Ministers will splash out potentially hundreds of thousands of pounds of public funds on an advertising campaign to urge the public to buy shares in the Royal Mail.
The Department for Business revealed that it has awarded a contract to ad agency Engine Group to promote its part-privatisation of the Royal Mail, which is being prepared to float on the stock market for an estimated £3 billion valuation.
However, officials refused to reveal how much the advertising contract was worth, pleading commercial confidentiality, but it is estimated to be worth hundreds of thousands of pounds.
“It’s not going to be a Tell Sid style campaign.

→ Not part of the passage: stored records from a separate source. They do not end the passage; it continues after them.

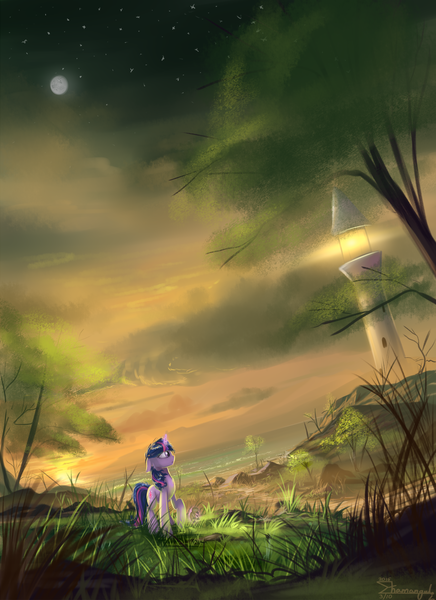 Size: 1600x2200 | Tagged: dead source, safe, artist:shamanguli, derpibooru import, twilight sparkle, duck, unicorn, beach, dutch angle, lighthouse, scenery, solo, sunset, unicorn twilight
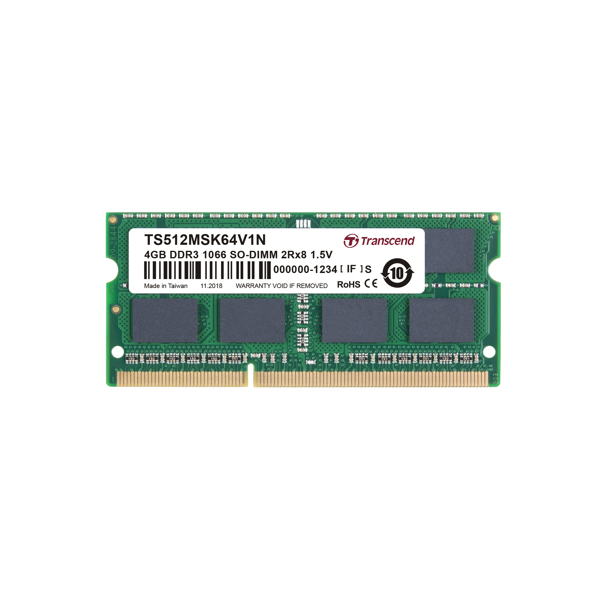 Transcend DDR3-1066 SO-DIMM 4GB - 4 GB - 2 x 8 GB - TS512MSK64V1N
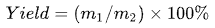 Formula for yield calculation of blue lotus processed products.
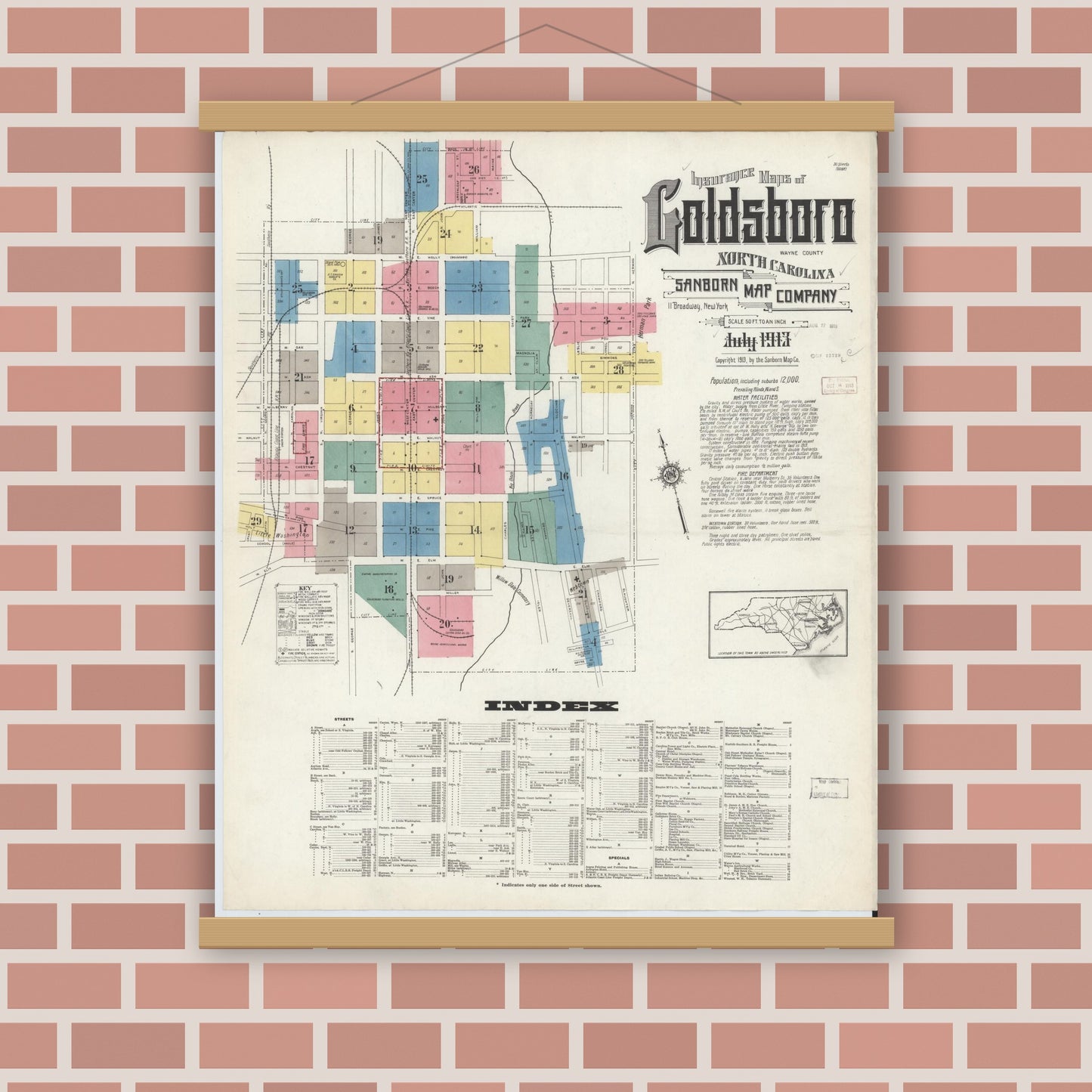 Old map wall art mockup — magnetic wood frame on brick wall — Sanborn Fire Insurance Map from Goldsboro, Wayne County, North Carolina (1913) - Complete Map Set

It will be just an awareness-raising campaign that’ll let members of the public know about the opportunity," a spokesperson told the Huffington Post UK, referring to the 'Tell Sid' campaign in the 1980s which promoted the privatisation of British Gas.
Officials denied there was any special privilege being given to the Royal Mail campaign given the government's crackdown on advertising in the past, as represented by its closure of the government's ad agency, the Central Office of Information, in 2012.

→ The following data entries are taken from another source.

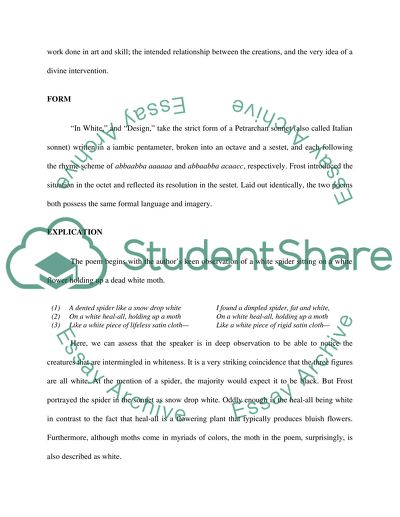 In White by Robert Frost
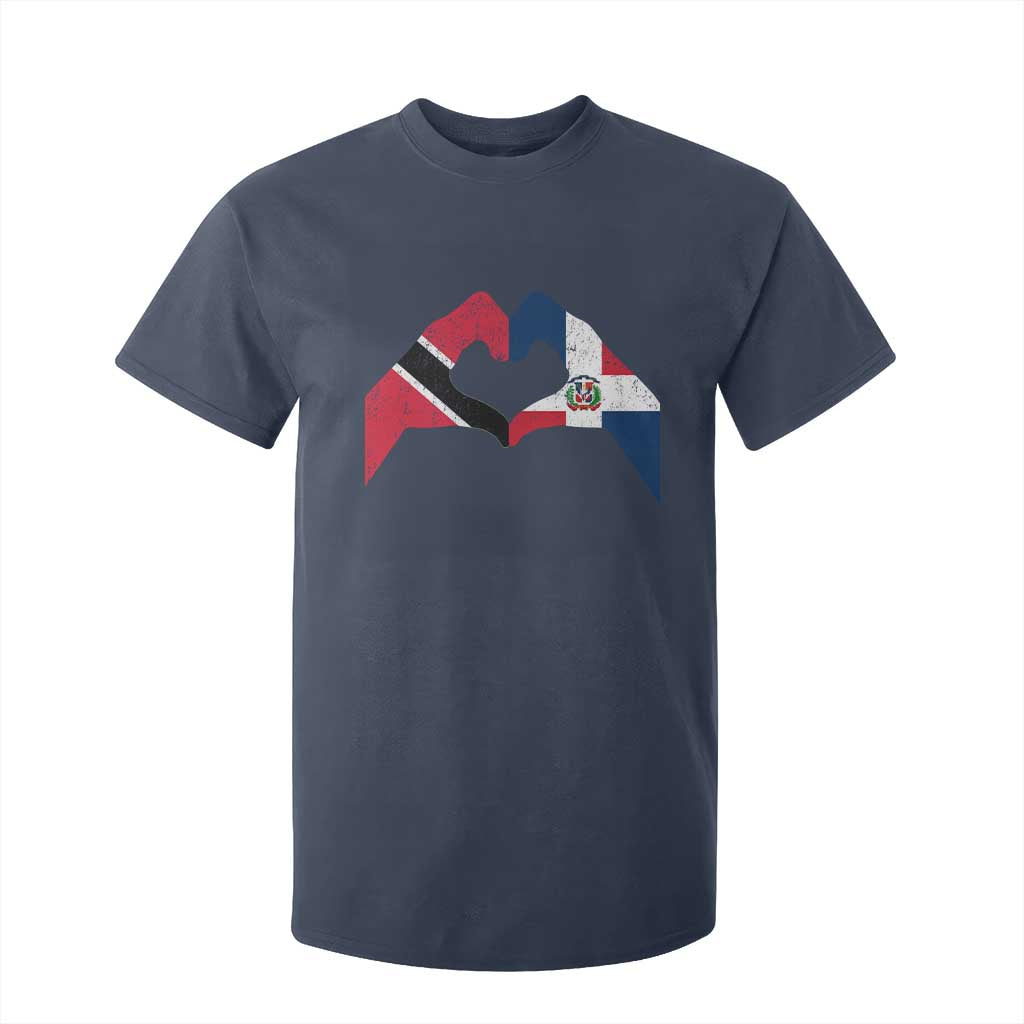Trinidad and Tobago Dominican T Shirt For Kid Two Flags One Heart TS10 Navy Print Your Wear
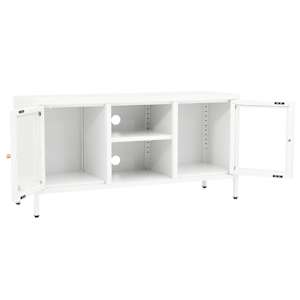 TV stolek bílý 105 x 35 x 52 cm ocel a sklo - obrázek 6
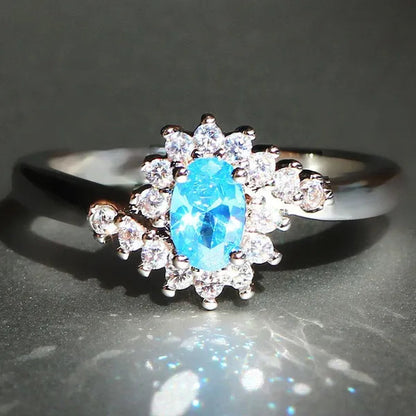 Exquisite  Silver Natural Sapphire Gemstones Opal Birthstone Bride Princess Wedding Engagement Strange Ring Size 6 7 8 9 10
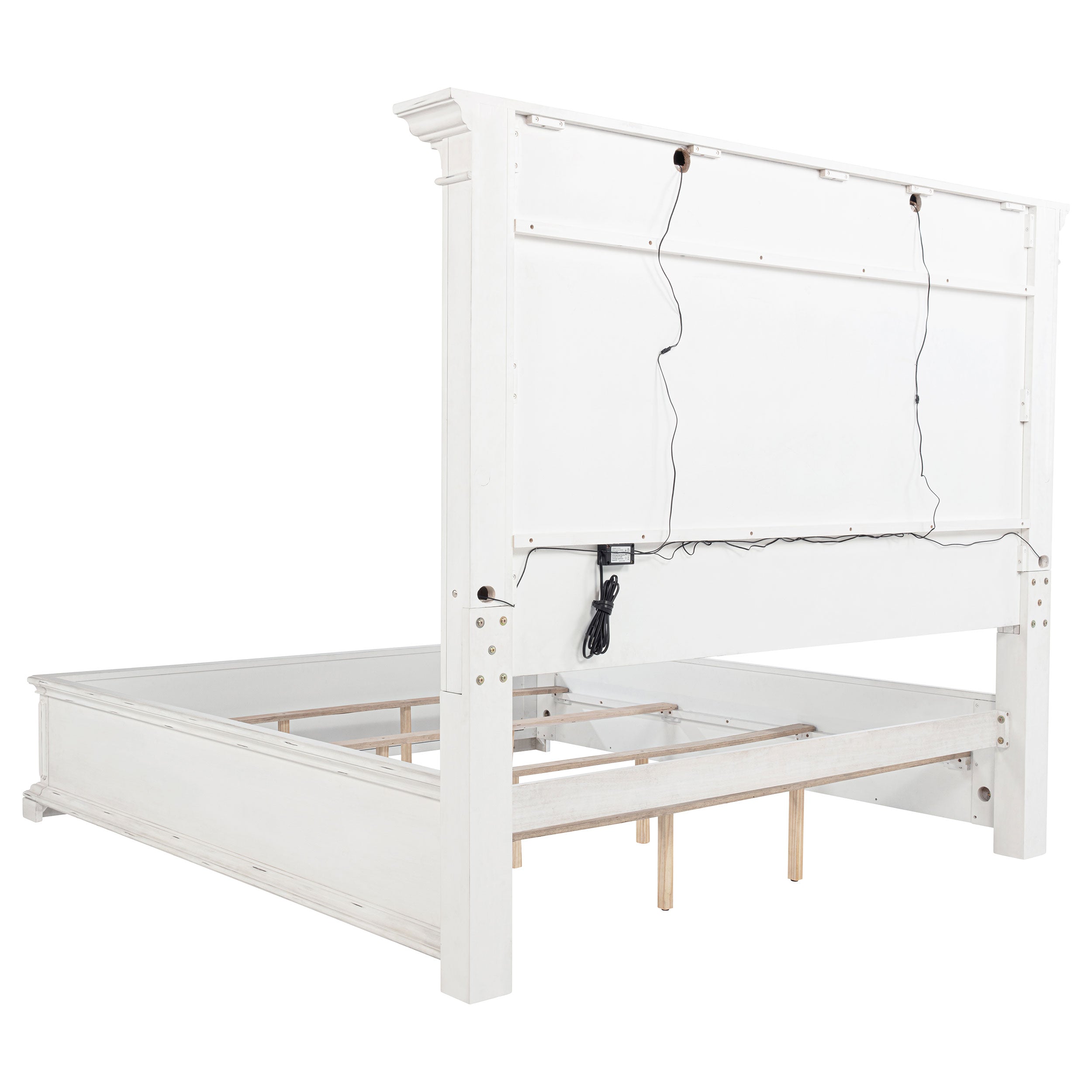 Mckinney Queen Led Light Panel Bed Vintage White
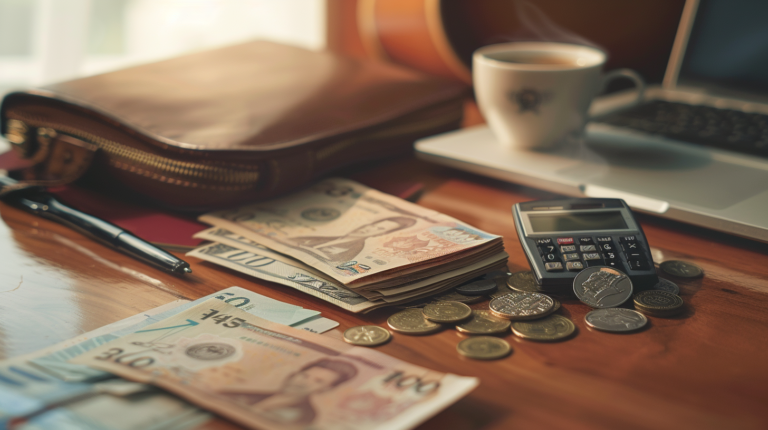 Desk scene with Indonesian rupiah, a passport, and a calculator beside a guitar case, representing the cost to tour Indonesia as a musician.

"It doesn’t mean the Royal Mail campaign is more important than anything else we’re doing, which is to let members of the public know how they can get involved."
The campaign has drawn criticism from the Communications Workers Union.
Billy Hayes, CWU general secretary, said: “The Government is splashing taxpayers’ money on a deeply unpopular privatisation programme.
"More than two-thirds of the public are against privatisation – a clear majority in any system.”
A YouGov poll conducted last month showed 67% of the public were opposed to privatising the Royal Mail, with only 20% in support.
Julian Hough, a founding partner of Engine, said: “We’re delighted to have been appointed to this highly prestigious piece of business.”